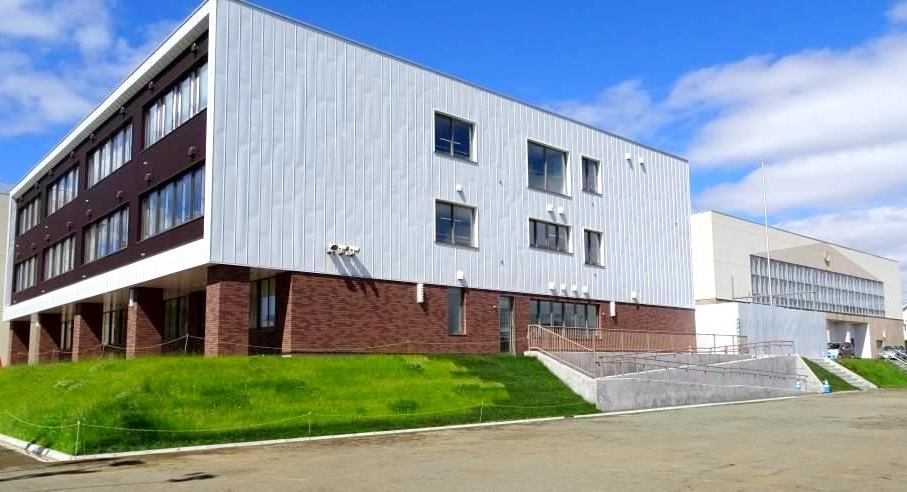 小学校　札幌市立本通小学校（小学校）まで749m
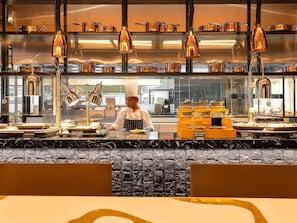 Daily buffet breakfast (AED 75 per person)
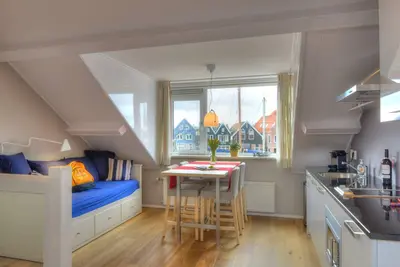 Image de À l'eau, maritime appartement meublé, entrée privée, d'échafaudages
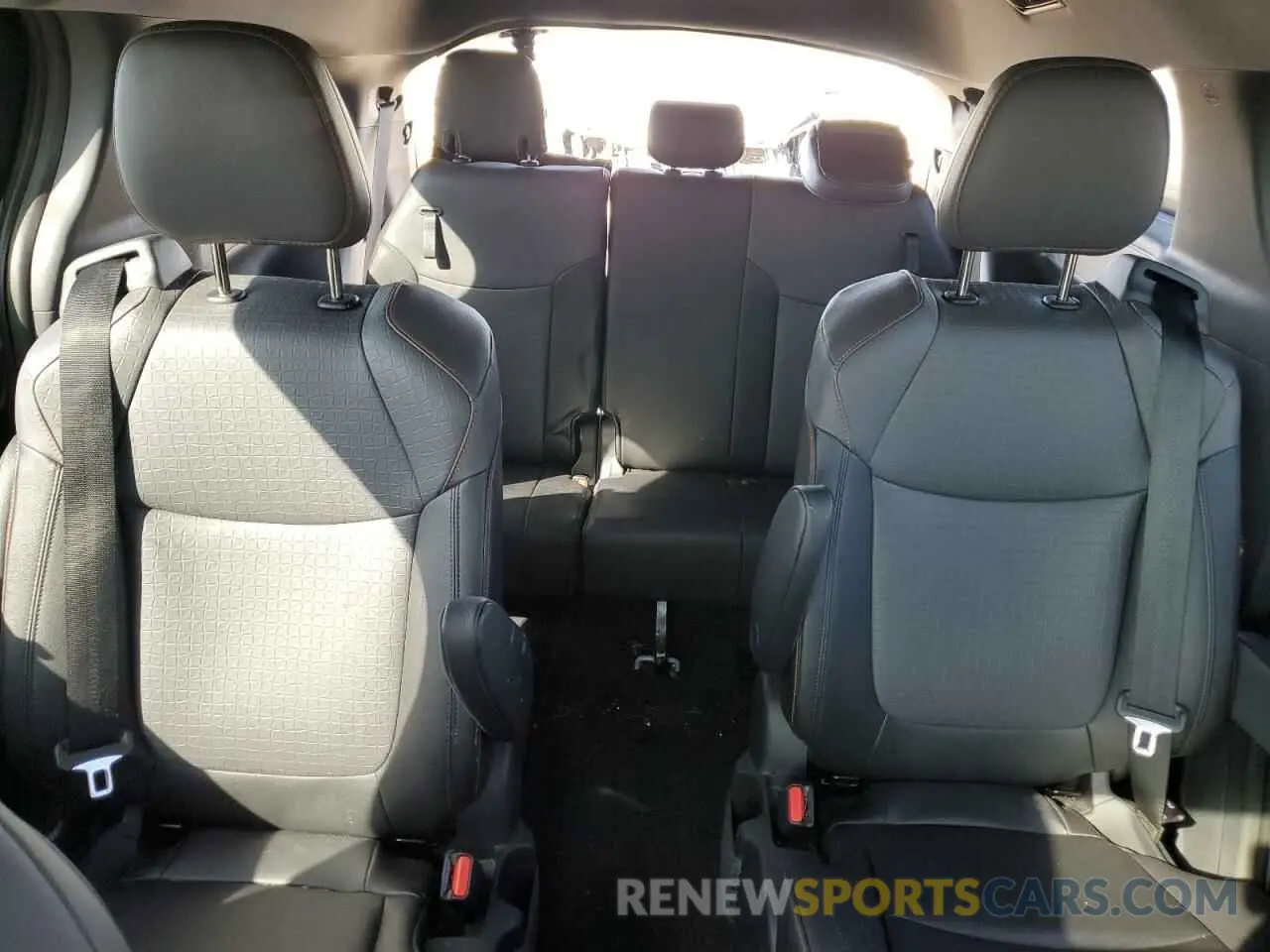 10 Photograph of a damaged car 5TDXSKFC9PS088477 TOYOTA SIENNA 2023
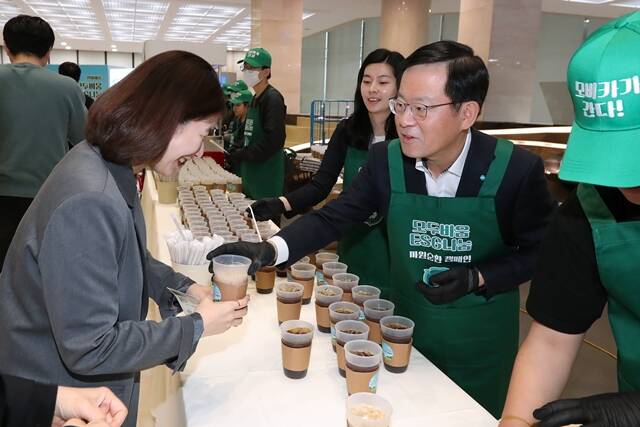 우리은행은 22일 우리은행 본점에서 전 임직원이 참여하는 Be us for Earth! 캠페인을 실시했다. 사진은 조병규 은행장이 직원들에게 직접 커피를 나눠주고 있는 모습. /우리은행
※ ※ ※
## Work instruction
Give the listing above again exactly, minus any images.

## Response for this exercise
 小学校　札幌市立本通小学校（小学校）まで749m
 Daily buffet breakfast (AED 75 per person)
 Image de À l'eau, maritime appartement meublé, entrée privée, d'échafaudages
 10 Photograph of a damaged car 5TDXSKFC9PS088477 TOYOTA SIENNA 2023
 우리은행은 22일 우리은행 본점에서 전 임직원이 참여하는 Be us for Earth! 캠페인을 실시했다. 사진은 조병규 은행장이 직원들에게 직접 커피를 나눠주고 있는 모습. /우리은행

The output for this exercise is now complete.